:: Work required ::
Retype, without changes, every line from the line that contains "1284 Zeek Ridge" through the final line of the records. Exclude pictures.

===== Material for the task

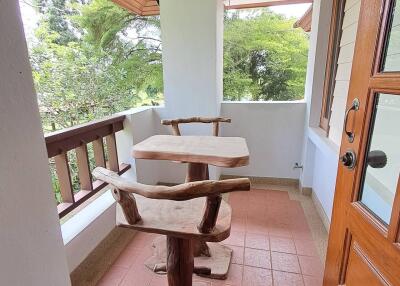 Rustic wooden furniture on a balcony with a view of greenery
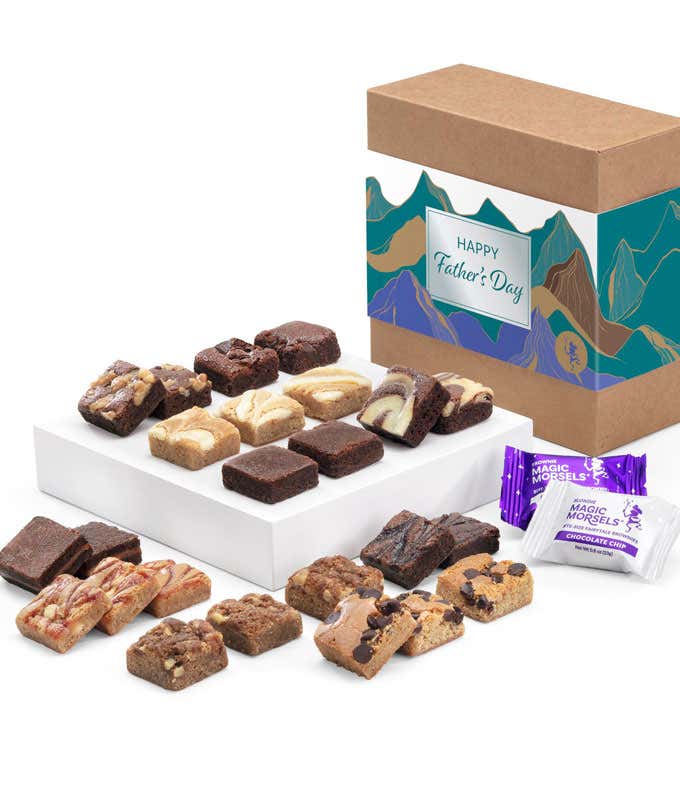 The image displays a box labeled 'Happy Father's Day' with a mountain design, filled with assorted brownies and cookies. The treats are arranged in rows on white trays, showcasing various flavors and toppings. Two Magic Morsels packets are also visible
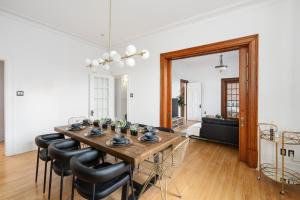 uma sala de jantar com uma mesa de madeira e cadeiras pretas em Penthouse / Sunset Private Terrace, 6Bdrs-13Guests em Montreal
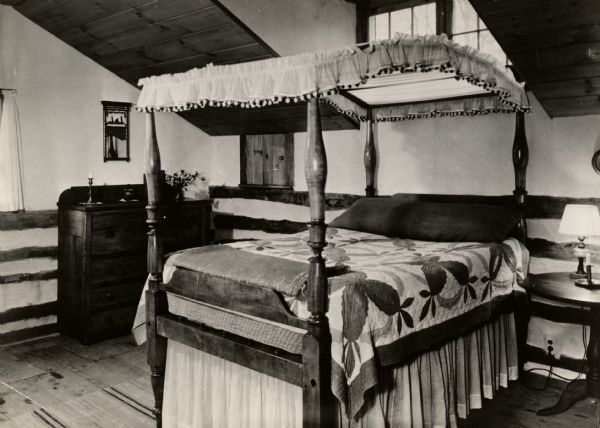 A bedroom in the restored Cornish miner's house, called Polperro, on Shake Rag Street. The house was temporarily covered with siding, but after restoration the siding was removed to reveal the original log construction. The building is currently owned by the Wisconsin Historical Society and is one of several structures that comprise the Pendarvis historic site. The room features a four-poster bed covered with a quilt and a high dormer window set into the sloped ceiling.
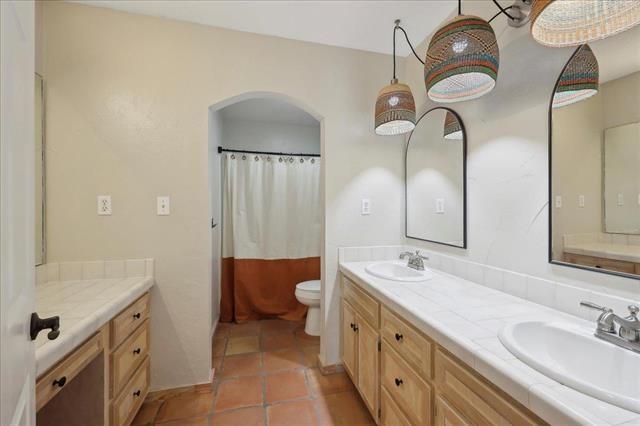 bathroom featuring double vanity, a sink, curtained shower, and toilet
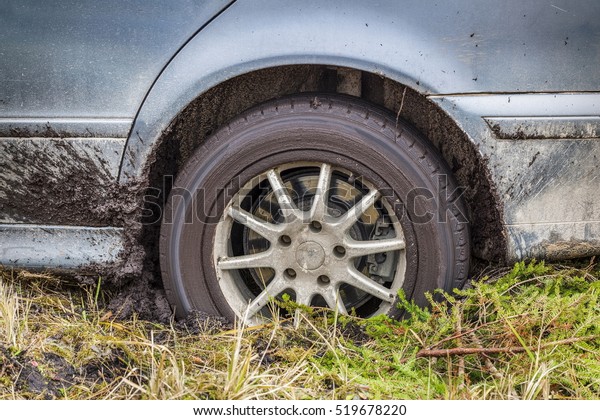 Stuck car in the\
mud
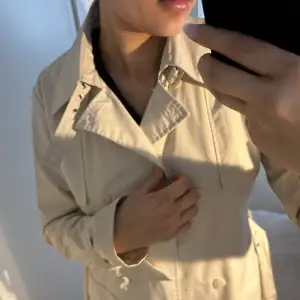 Beige trenchcoat från Vero Moda i storlek 38. Min mammas gamla och därav är storleken lite annorlunda mot dagens. Skulle säga att den passar en S om man vill bara den stängd men även M om man vill ha den öppen. Otroligt fint skick.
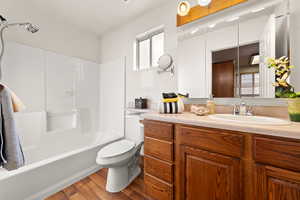 Full bathroom featuring hardwood / wood-style flooring, vanity,  shower combination, and toilet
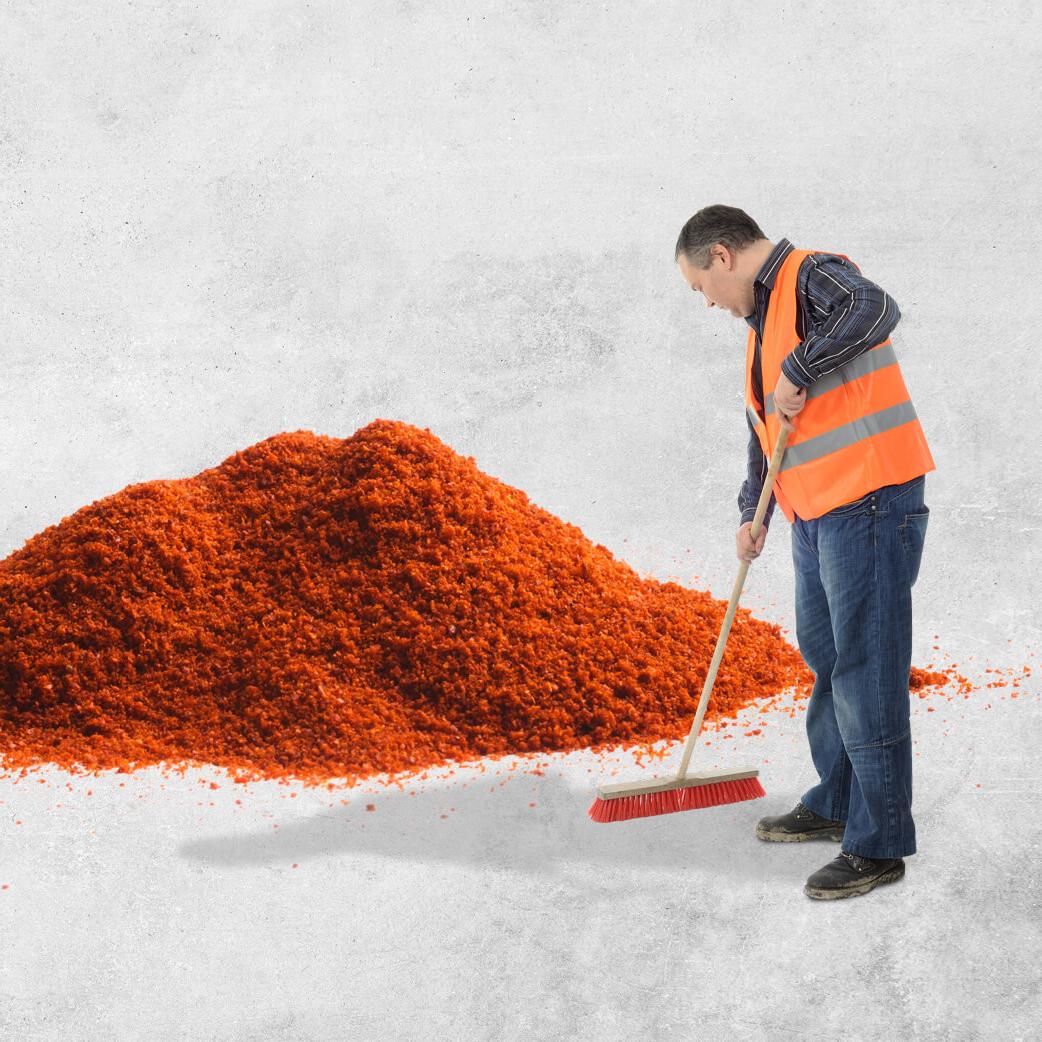 Man in hi vis sweeping up a large pile of orange dust with a broom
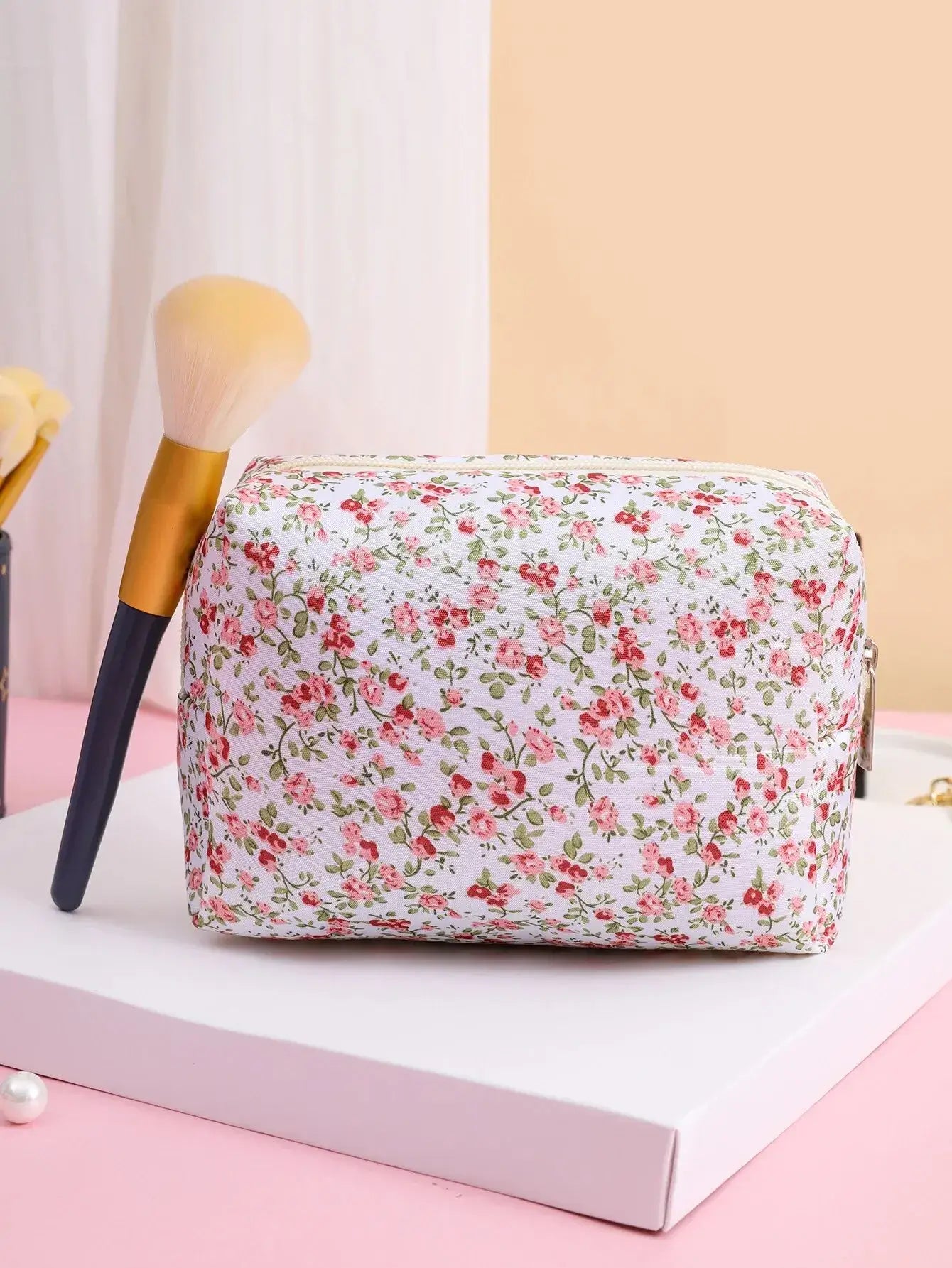 Spacious floral quilted makeup bag for travel & daily use. Puffy, stylish & durable design keeps cosmetics organized. Shop Frost Glow Cosmetics today!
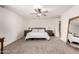 Spacious primary bedroom with ceiling fan, neutral carpet, and ample natural light at 1353 W Kiowa Ave, Mesa, AZ 85202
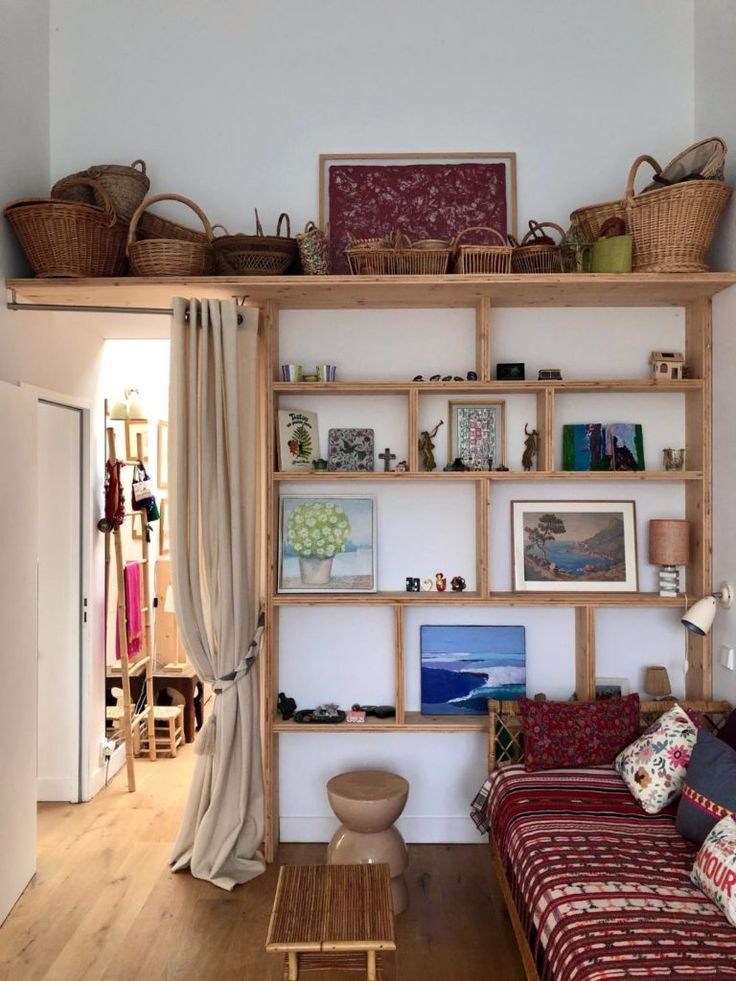 a living room filled with furniture and lots of shelves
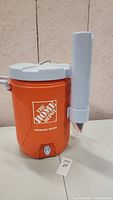 Full view of orange Home Depot water cooler showing front, lid, spigot and attached cup dispenser with cups inside.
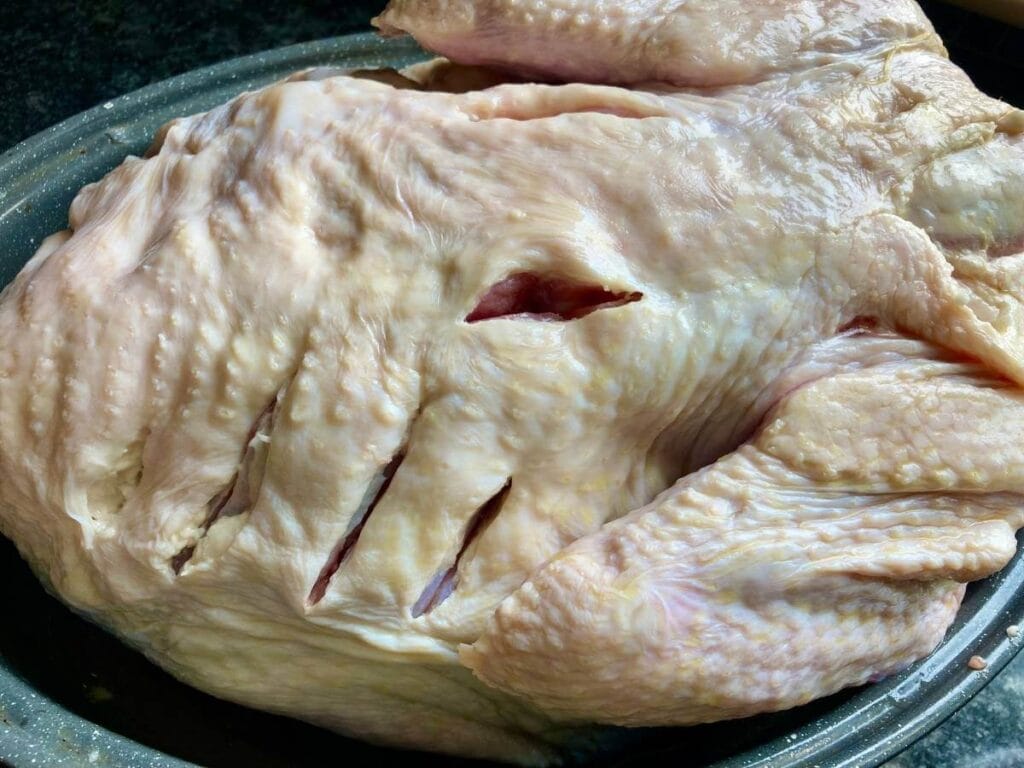 Raw turkey with slits cut in it.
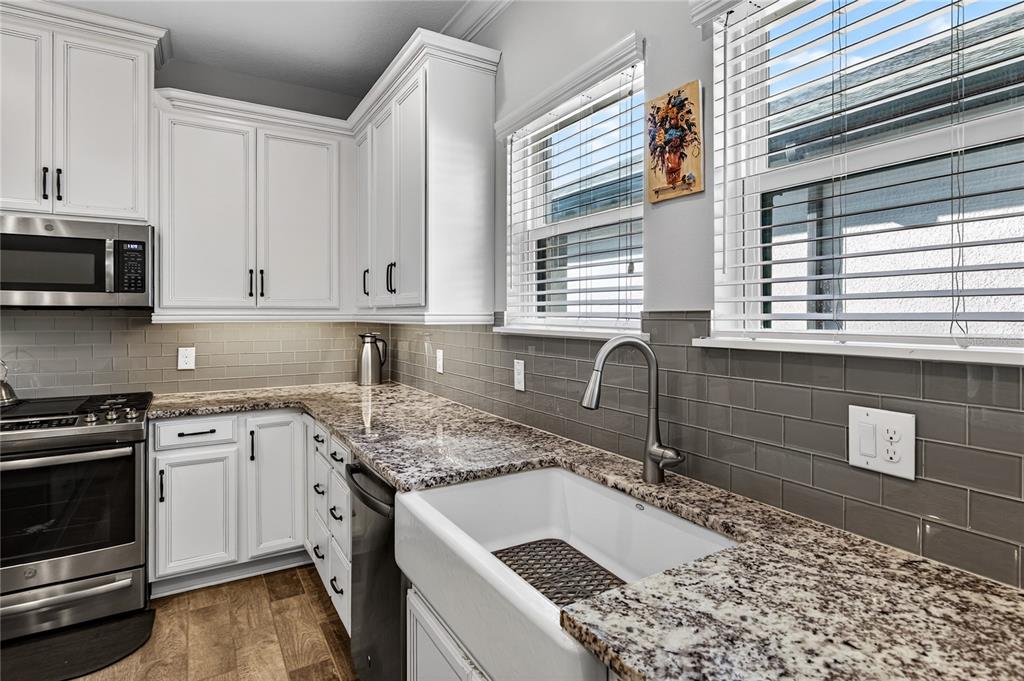 1284 Zeek Ridge Street Clermont, FL 34715 - Photo 11 of 35 a kitchen with a sink stove and cabinets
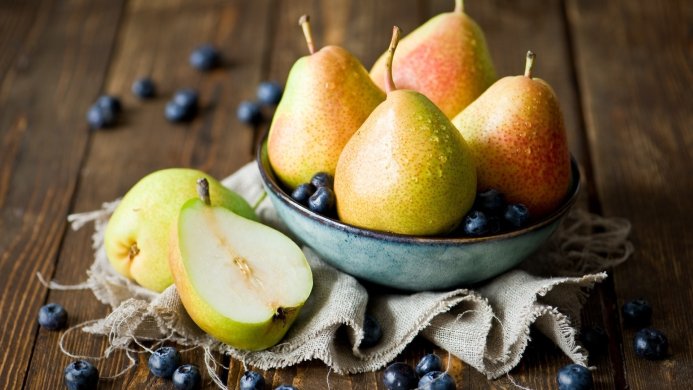 Pears and blueberries in a bowl on a wooden surface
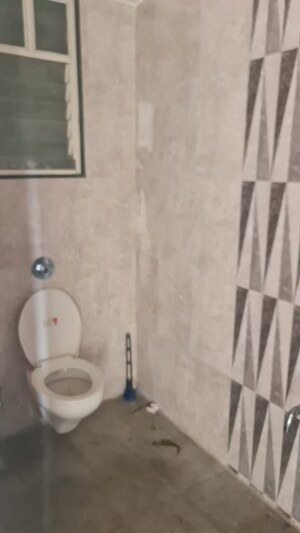 Bathroom in 2 BHK Apartment at Kohinoor Reina, Kondhwa – for Rent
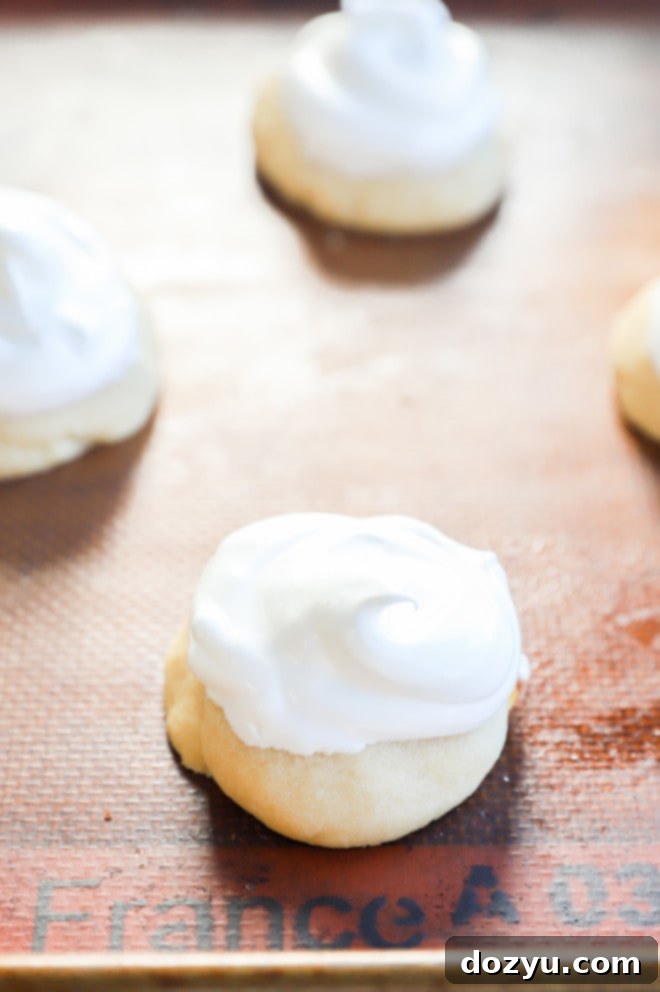 Lemon Curd Meringue Cookies 8 Meringue topping on cookies before baking in the oven for browning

==========

:: Answer to this exercise ::
 1284 Zeek Ridge Street Clermont, FL 34715 - Photo 11 of 35 a kitchen with a sink stove and cabinets
 Pears and blueberries in a bowl on a wooden surface
 Bathroom in 2 BHK Apartment at Kohinoor Reina, Kondhwa – for Rent
 Lemon Curd Meringue Cookies 8 Meringue topping on cookies before baking in the oven for browning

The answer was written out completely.